In praise of … Havergal Brian | Editorial

His Gothic Symphony is the ultimate cult neglected work by a British composer forgotten by all but the fanatical few

After booking opened on Saturday for the BBC Proms 2011, 87,000 tickets were sold in the first 12 hours. Amid such Glastonbury-level demand, it is not surprising that seats for a few of the starriest concerts have now all gone – though uniquely, of course, there will still be 1,400 tickets available each night on the night. It's no shock that Gustavo Dudamel and the Simón Bolívar Symphony Orchestra were first to sell out the Albert Hall, or that the Verdi Requiem ran them a close second. No surprise, either, among the chamber concerts, that tickets for Bach's Goldberg Variations and the Yo-Yo Ma recital have now gone too.
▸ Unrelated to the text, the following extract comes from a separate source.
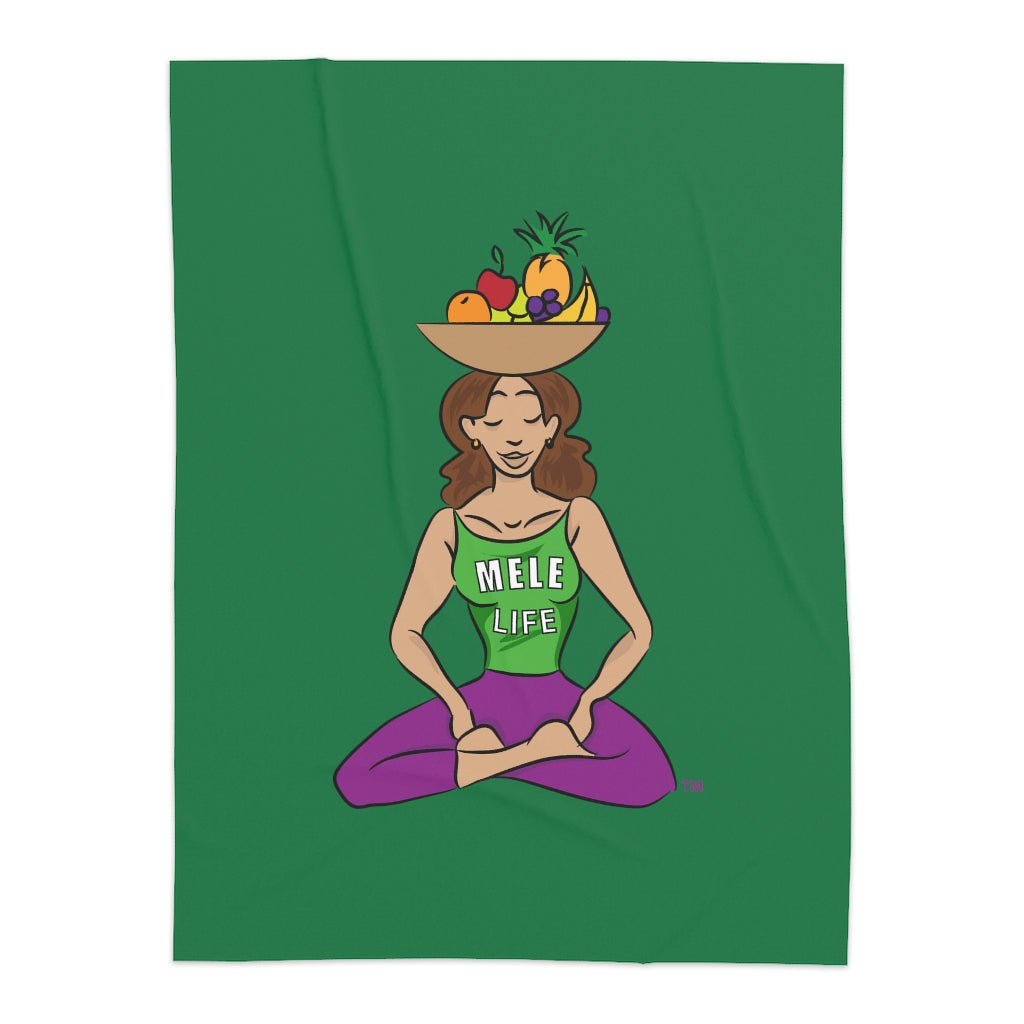 Blanket - Yoga Lady1  (green)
The truly remarkable news, astonishing even, is that the only other Prom to sell out on day one is a performance of an 84-year-old work that has only ever been played complete five times and has not been heard in London for 30 years. Havergal Brian's Gothic Symphony is the ultimate cult neglected work by a British composer forgotten by all but the fanatical few. Everything about it is massive, from the 150-strong main orchestra, the 40 extra brass players and the nine choirs who will cram the Albert Hall to the Gothic's two-hour length. The rare performance on 17 July has clearly struck a suitably gargantuan chord. "Stunning recognition for Brian's magnum opus," was the Havergal Brian Society's verdict to the news. Those of us who missed out on Saturday will surely be crammed into the standing places or glued to our radios for this once-in-a-livetime symphonic extravaganza.